• _WORK TASK_
In the data below, the answer is the run of lines from the line containing "Элегантная двухкомнатная квартира, 55м², в" through the line containing "Two silver hazelnut", both included; print it exactly and nothing else.

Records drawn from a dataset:
※ ※ ※
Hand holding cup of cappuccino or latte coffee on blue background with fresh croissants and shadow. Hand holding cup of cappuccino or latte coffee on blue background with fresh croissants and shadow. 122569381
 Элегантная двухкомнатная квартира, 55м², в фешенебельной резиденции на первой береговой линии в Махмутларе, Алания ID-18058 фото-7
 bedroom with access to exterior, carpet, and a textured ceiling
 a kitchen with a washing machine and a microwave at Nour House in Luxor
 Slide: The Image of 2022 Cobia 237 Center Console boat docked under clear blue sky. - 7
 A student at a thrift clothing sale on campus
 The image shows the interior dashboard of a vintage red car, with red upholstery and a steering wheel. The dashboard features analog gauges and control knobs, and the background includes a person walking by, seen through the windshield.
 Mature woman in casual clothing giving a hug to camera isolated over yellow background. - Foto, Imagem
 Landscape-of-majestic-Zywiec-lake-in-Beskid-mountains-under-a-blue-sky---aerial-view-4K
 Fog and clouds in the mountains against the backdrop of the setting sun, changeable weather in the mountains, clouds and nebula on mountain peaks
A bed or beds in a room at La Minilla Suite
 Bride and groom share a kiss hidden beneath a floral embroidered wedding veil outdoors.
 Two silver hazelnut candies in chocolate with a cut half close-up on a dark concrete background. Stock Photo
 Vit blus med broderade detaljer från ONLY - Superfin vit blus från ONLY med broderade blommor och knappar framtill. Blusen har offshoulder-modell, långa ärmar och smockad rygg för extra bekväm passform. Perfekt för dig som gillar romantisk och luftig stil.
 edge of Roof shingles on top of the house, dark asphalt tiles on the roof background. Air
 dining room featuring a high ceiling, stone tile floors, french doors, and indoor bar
※ ※ ※
• _RESPONSE TO THIS EXERCISE_
 Элегантная двухкомнатная квартира, 55м², в фешенебельной резиденции на первой береговой линии в Махмутларе, Алания ID-18058 фото-7
 bedroom with access to exterior, carpet, and a textured ceiling
 a kitchen with a washing machine and a microwave at Nour House in Luxor
 Slide: The Image of 2022 Cobia 237 Center Console boat docked under clear blue sky. - 7
 A student at a thrift clothing sale on campus
 The image shows the interior dashboard of a vintage red car, with red upholstery and a steering wheel. The dashboard features analog gauges and control knobs, and the background includes a person walking by, seen through the windshield.
 Mature woman in casual clothing giving a hug to camera isolated over yellow background. - Foto, Imagem
 Landscape-of-majestic-Zywiec-lake-in-Beskid-mountains-under-a-blue-sky---aerial-view-4K
 Fog and clouds in the mountains against the backdrop of the setting sun, changeable weather in the mountains, clouds and nebula on mountain peaks
A bed or beds in a room at La Minilla Suite
 Bride and groom share a kiss hidden beneath a floral embroidered wedding veil outdoors.
 Two silver hazelnut candies in chocolate with a cut half close-up on a dark concrete background. Stock Photo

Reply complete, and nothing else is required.